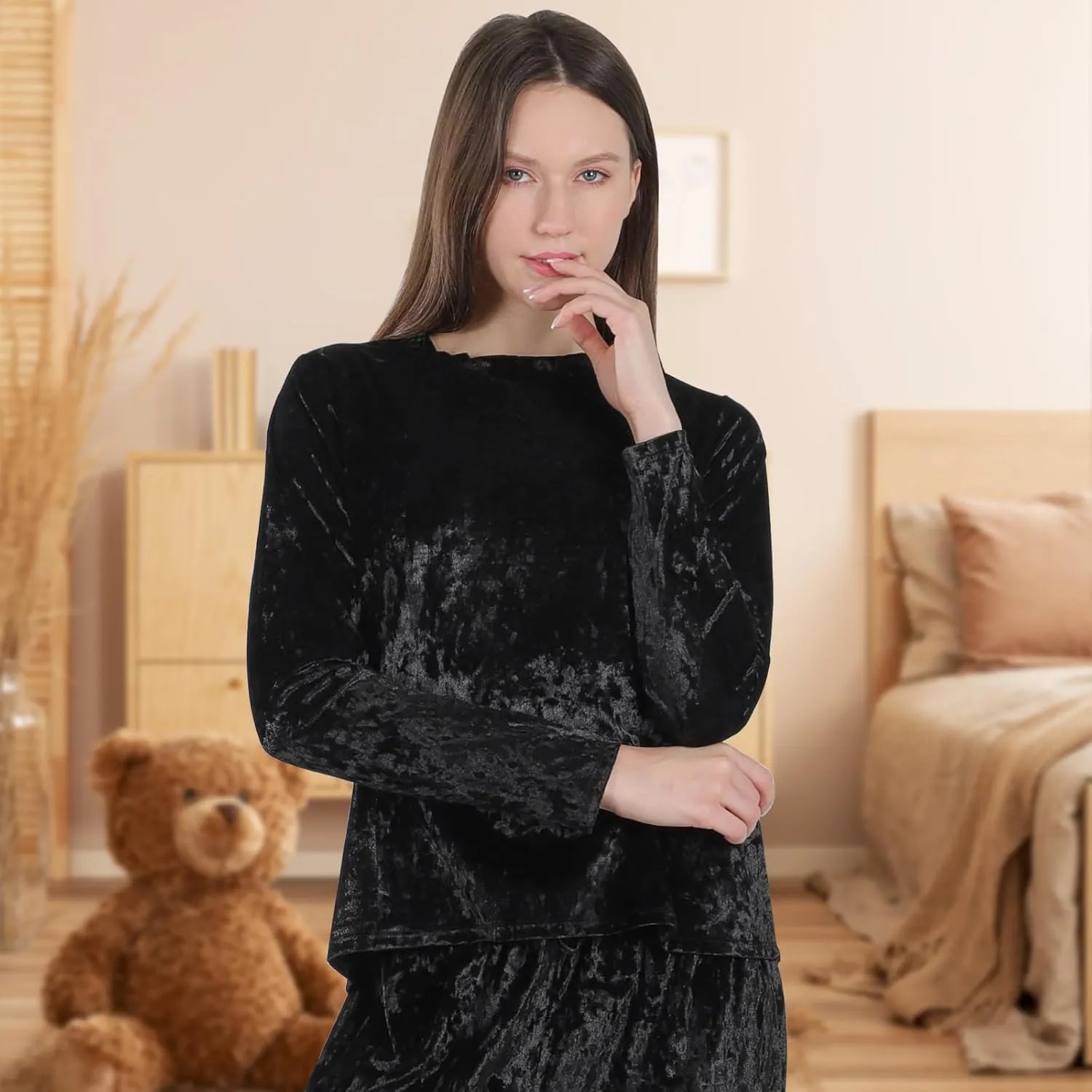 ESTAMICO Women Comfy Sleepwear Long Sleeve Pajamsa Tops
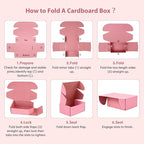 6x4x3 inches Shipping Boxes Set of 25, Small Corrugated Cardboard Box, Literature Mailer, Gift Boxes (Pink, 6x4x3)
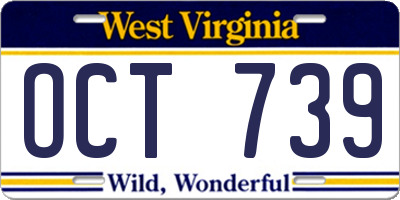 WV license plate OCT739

⁂

§ Required work
Repeat the data word for word, minus any pictures.

§ Result of the task
 ESTAMICO Women Comfy Sleepwear Long Sleeve Pajamsa Tops
 6x4x3 inches Shipping Boxes Set of 25, Small Corrugated Cardboard Box, Literature Mailer, Gift Boxes (Pink, 6x4x3)
 WV license plate OCT739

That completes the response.